# Machine Learning with PyTorch

## Understanding PyTorch

* Tensors and NumPy interfaces
* Autograd
* Using GPUs with `torch.cuda`
* Parallelizing on clusters with `torch.distributed`
* Create a neural network with `torch.nn`

## Tensors and NumPy interfaces

At a first pass, PyTorch tensors are very similar to NumPy arrays.  Both are ways of storing multi-dimensional data efficiently, and much of the same "vectorized" style of operation applies to both. Broadcasting and elementwise operations are similar.  Moreover, many of the same functions and methods exist in both PyTorch and NumPy, and conversion between the two formats is made straightforward by PyTorch.

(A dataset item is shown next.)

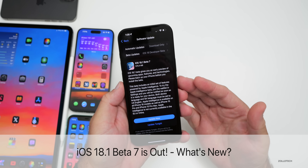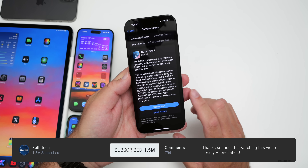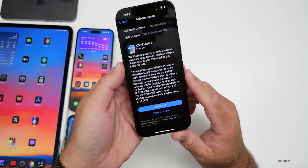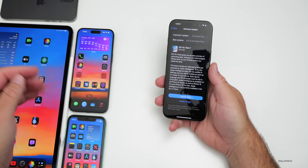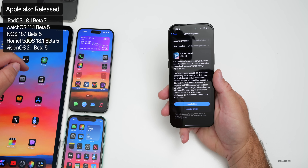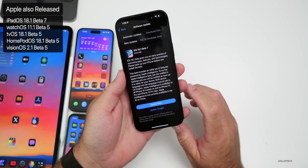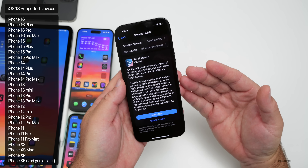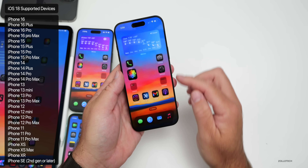Hi everyone, Aaron here for Zollotech. Today Apple released iOS 18.1 beta 7, available to developers, with iOS 18.1 public beta 4 out either by the time you're watching this or the following day. This update came in at 570.4 megabytes on my iPhone 16 Pro Max, about the same size on other devices, though a little bigger on the iPhone 11. Apple also released iPadOS 18.1 beta 7, watchOS 11.1 beta 5, tvOS and HomePod OS 18.1 beta 5, and VisionOS 2.1 beta 5. We didn't get a macOS 15.1 update just yet. Let's take a look at the build number and talk about what's new.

Where PyTorch tensors go beyond NumPy arrays, and are needed for neural networks are in a couple key areas.  As a not-so-minor matter, tensors can work transparently on GPUs as well as CPUs, and this can often vastly speed up operations.  NumPy does not build in that capability, but a number of projects allow this particular capability to be used outside of PyTorch, in varying ways (see [PyCUDA](https://documen.tician.de/pycuda/array.html), [Numba](https://numba.pydata.org/numba-doc/dev/cuda/index.html), [CuPy](https://cupy.chainer.org/), [MXNet](https://mxnet.incubator.apache.org/versions/master/tutorials/basic/ndarray.html), and probably others).

You *could* use PyTorch simply to work with array computation on GPUs, but what is more likely to bring you here is an equally essential capability that is not present in those other mentioned libraries (by design): Autograd.  By storing the gradients from every operation (where autograd is enabled for any component tensors), PyTorch provides reverse automatic differentiation.  That is to say, it gives you a directed acyclic graph whose leaves are the input tensors and roots are the output tensors.  We explain this more below.

## Autograd

In [228]:
import torch

x = torch.randn(3, 3, requires_grad=True)
print("Random 2-D tensor")
print(x)

# Perform an operation on tensor
y = (x + 7) * 5
print("\nRandom 2-D shifted by 7, multiplied by 5")
print(y)

Random 2-D tensor
tensor([[ 0.5615, -1.1130, -1.0479],
        [-0.6518, -0.3695, -1.1789],
        [ 0.4406,  0.3704, -0.1163]], requires_grad=True)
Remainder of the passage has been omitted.